_What is required_
Please return only the lines from the one with "Lichen Planus on leg" through the final line of the data, unchanged, with pictures omitted.

---- Supplied data

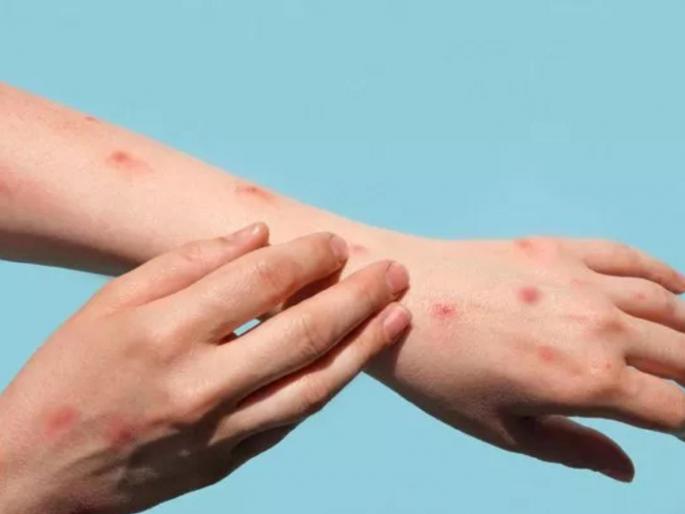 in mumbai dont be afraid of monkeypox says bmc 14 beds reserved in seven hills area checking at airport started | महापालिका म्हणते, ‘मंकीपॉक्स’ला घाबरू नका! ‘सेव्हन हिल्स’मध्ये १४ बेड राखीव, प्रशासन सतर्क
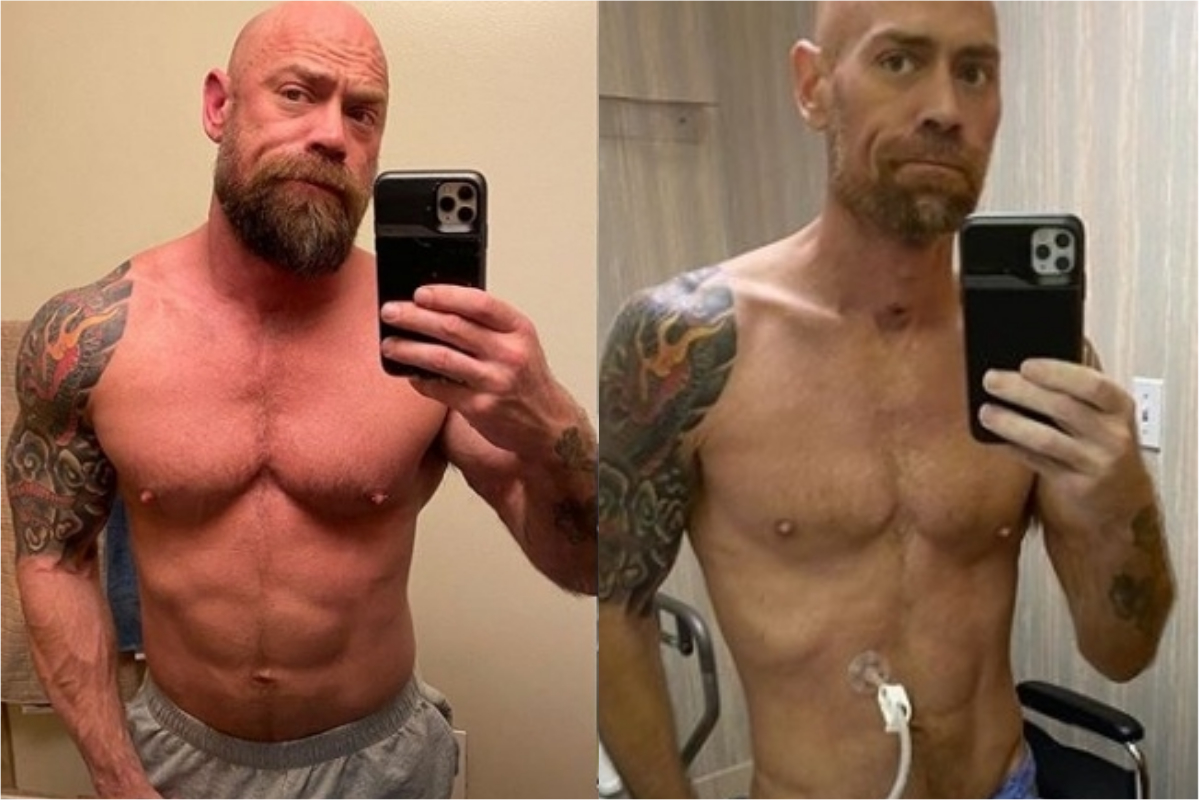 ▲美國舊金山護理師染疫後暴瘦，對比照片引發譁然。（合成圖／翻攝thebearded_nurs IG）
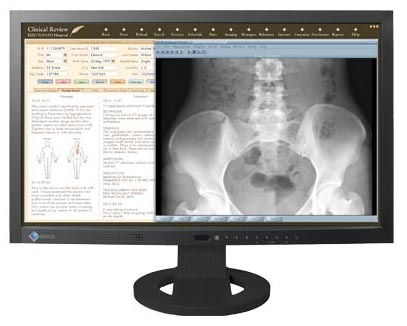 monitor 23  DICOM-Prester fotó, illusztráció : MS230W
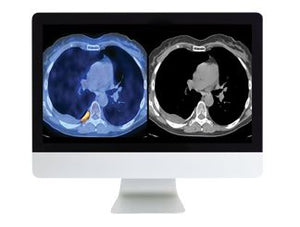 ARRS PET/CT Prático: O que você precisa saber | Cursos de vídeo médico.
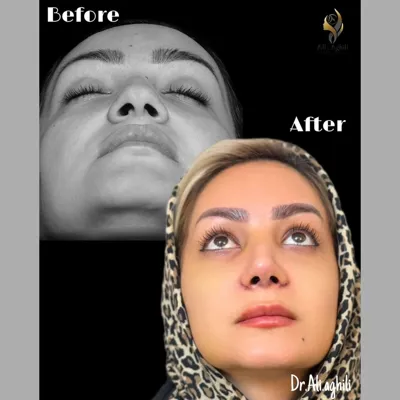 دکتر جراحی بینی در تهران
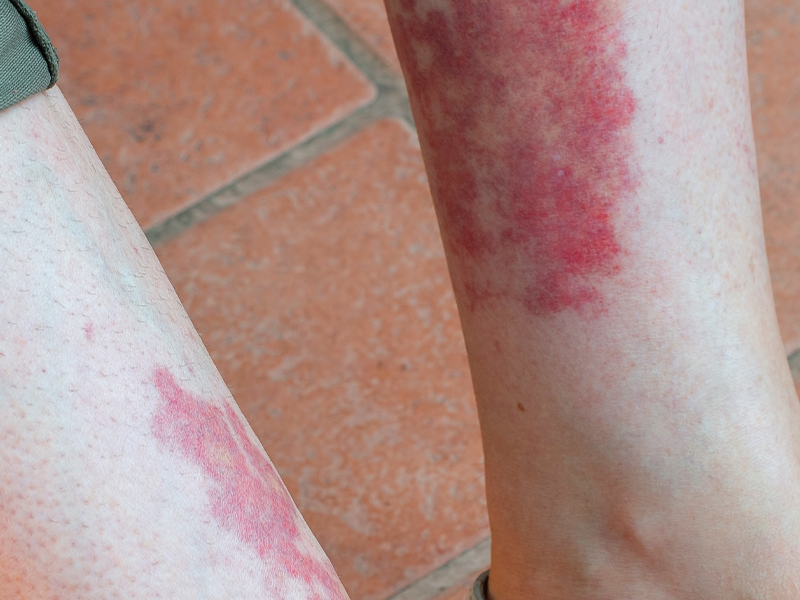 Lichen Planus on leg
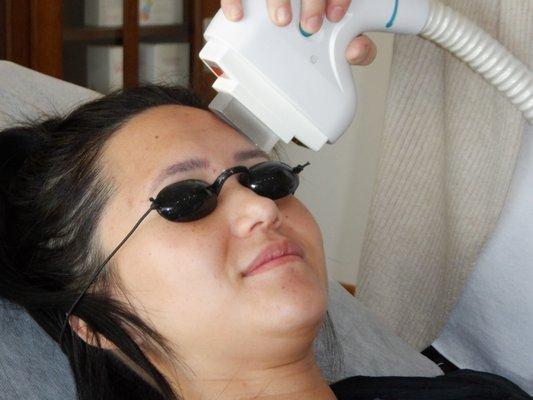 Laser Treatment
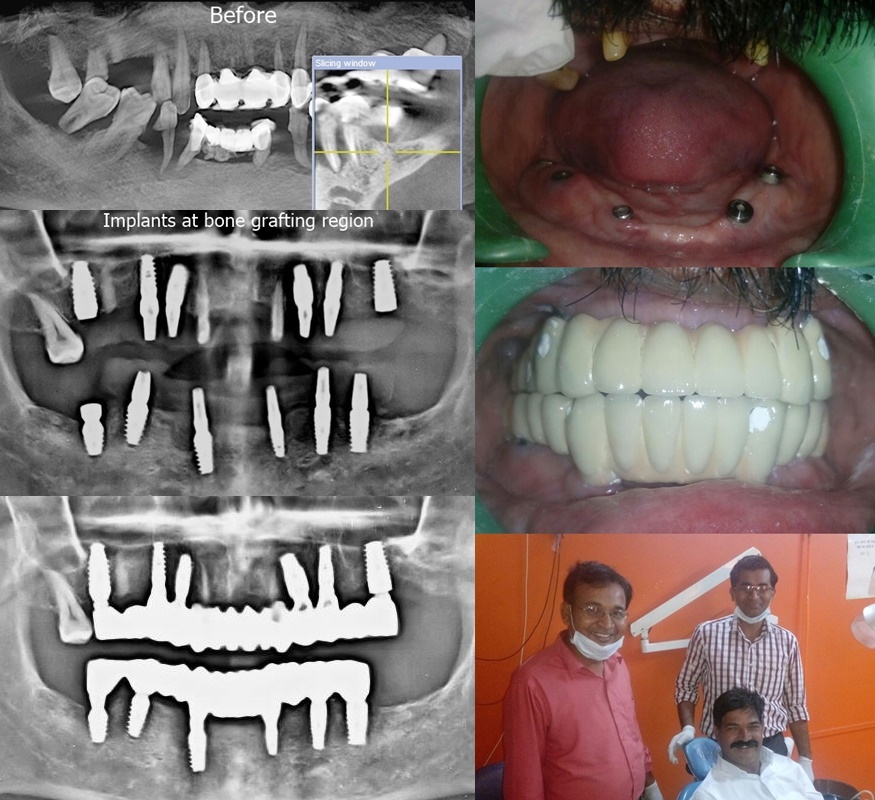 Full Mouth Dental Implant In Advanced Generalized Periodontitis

--------

_Response below_
 Lichen Planus on leg
 Laser Treatment
 Full Mouth Dental Implant In Advanced Generalized Periodontitis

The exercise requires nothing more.